Pierre Niney is excellent as the would-be novelist who takes one risk and then faces an ever-escalating comeuppance. Adroit plot. Believable characters. Sharp direction. And a brilliant, if heart-wrenching, twist at the end.
A talentless young French writer finds a dead man’s brilliant unpublished manuscript and passes it off as his own. No spoilers – this all happens in the first ten minutes. The book is a first-hand account of soldiering in the 1950s Algerian war. What could possibly go wrong? Finding out will keep you glued to the screen. The more dangerous and ridiculous his predicaments become, the more you’ll squirm with him. The suspense is akin to watching Kevin Costner becoming increasingly cornered in No Way Out. Great stuff, with a doozie of an ending that will make you both laugh and cry.
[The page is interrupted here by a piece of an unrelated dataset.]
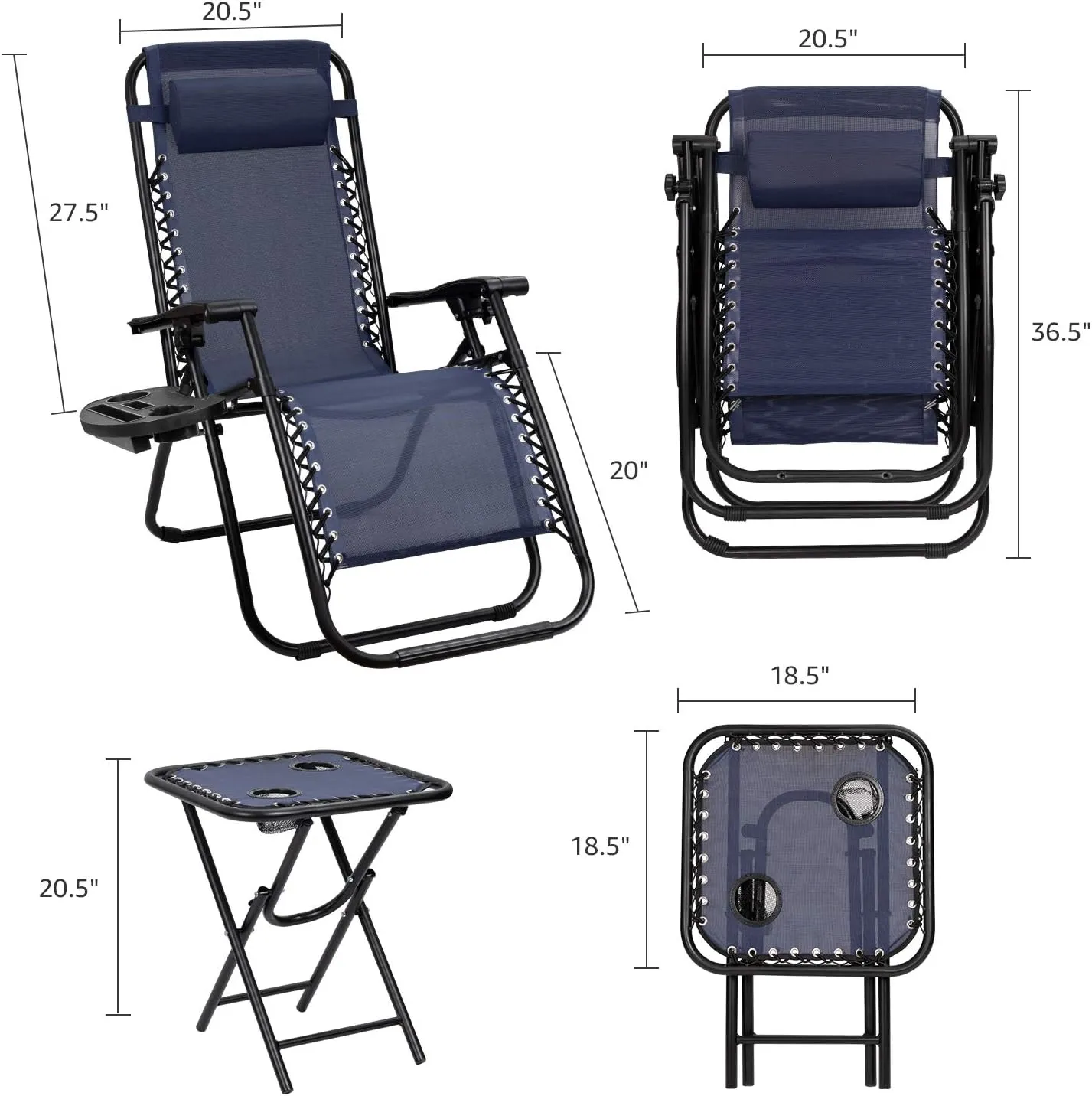 Devoko Patio Zero Gravity Chair Outdoor Folding Recliner Chairs with Table Pool Side Using Lawn Chair Sets with Pillow (Deep Blue)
This is an excellent film in every respect, full of suspense, surprises, and tension from start to finish. The initial storyline, as such, has been followed in other feature films: an aspiring writer pretends that a piece of writing he has plagiarized was written by him, and sends it to a publisher. The rest follows. This initial act of deceit sets in train a chain of events that unfolds with the mechanical precision of a sophisticated clock, ticking away in the background, relentlessly.
The acting is very good and the situations are plausible from start to finish, as the characters respond to what is happening to them and to each other. (I don't want to say too much...) The tension and suspense are close to unbearable at times: one misstep and you can lose everything, including the woman you love...
It is a gem of a film, which should become a classic of the genre in due course, in my view. Enjoy.